E se ci si domandasse cosa c'entri tutto ciò con l’elenco dei magistrati uccisi la risposta è ancora una volta nelle parole di Saverio Lodato: “C’entra perché a mia memoria è almeno da quarant'anni che la politica cerca un regolamento di conti con la magistratura. E Giovanni Falcone in prima persona, è bene non dimenticarlo mai, prima di essere assassinato dai mafiosi fu dichiarato clinicamente morto dai suoi colleghi del palazzo di giustizia di Palermo. Da alcuni dei suoi colleghi del palazzo di giustizia di Palermo, all'interno del consiglio superiore della magistratura di allora - parliamo di quarant'anni fa - e dell'associazionismo”. A testimonianza del fatto che questa “è storia vecchia”. “La magistratura e il Csm, che teoricamente dovrebbero essere una casa di vetro agli occhi dei cittadini italiani - ha continuato Lodato -, una casa di vetro non lo è stata mai. Oggi con caso il Palamara si stanno raccogliendo i cocci.
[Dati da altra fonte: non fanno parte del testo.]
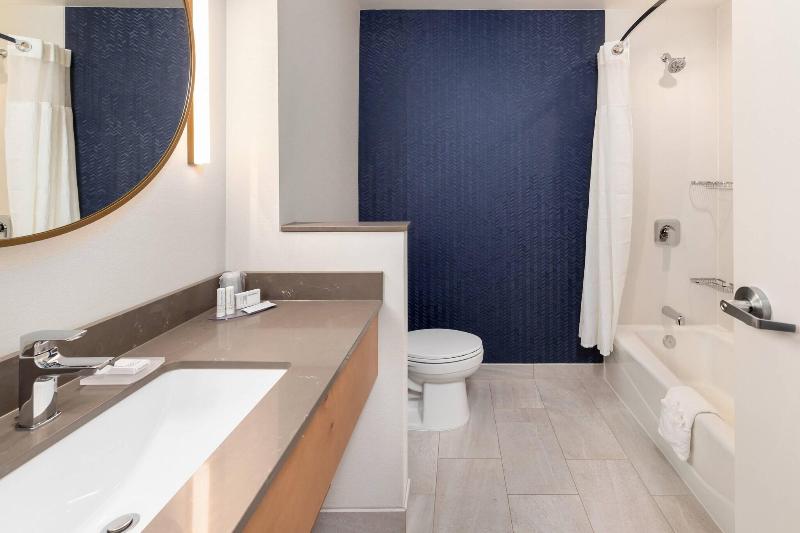Fairfield Inn & Suites by Marriott Morganton Histo image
Nel libro ("I nemici della giustizia"), con il dottore Di Matteo, non facciamo pettegolezzi, non raccontiamo retroscena, non sveliamo segreti, semplicemente ricostruiamo un ragionamento (lo ricostruisce ovviamente il dottore Di Matteo rispondendo alle mie domande che ha accettato benevolmente di farsi porre per spiegare) che esiste una magistratura possibile. Diversa da quello che oggi sta apparendo agli occhi degli Italiani".
Il discorso di Mattarella
Durante il Tg2 Post, infine, è andato in onda anche un estratto dell’intervento che oggi il Presidente della Repubblica Sergio Mattarella ha rivolto ai giovani della Corte dei Conti, ai quali ha detto: “La professionalità non può mai ridursi a mera tecnicalità, ma richiede l'esercizio di onestà intellettuale, di equilibrio, di sobrietà, di obiettività, assenza di autoreferenzialità, disponibilità al confronto e impone di rifuggire da logiche corporative che snaturano e deprimono la figura del magistrato". Parole con cui il Capo dello Stato “ha dimostrato, ancora una volta, di essere veramente una garanzia per la salvaguardia dei principi di autonomia e indipendenza della magistratura e per la garanzia della salvaguardia di tutti i principi che la Costituzione detta in materia di giustizia: ad esempio quelli che prevedono che i magistrati siano soggetti soltanto alla Legge e che i giudici si distinguono soltanto per l’esercizio delle funzioni e non per la gerarchia”, ha commentato Di Matteo. “Il Presidente Mattarella ha sempre rappresentato la principale garanzia della tenuta di questi principi costituzionali”, soprattutto dinnanzi alle recenti crisi intestine alla magistratura.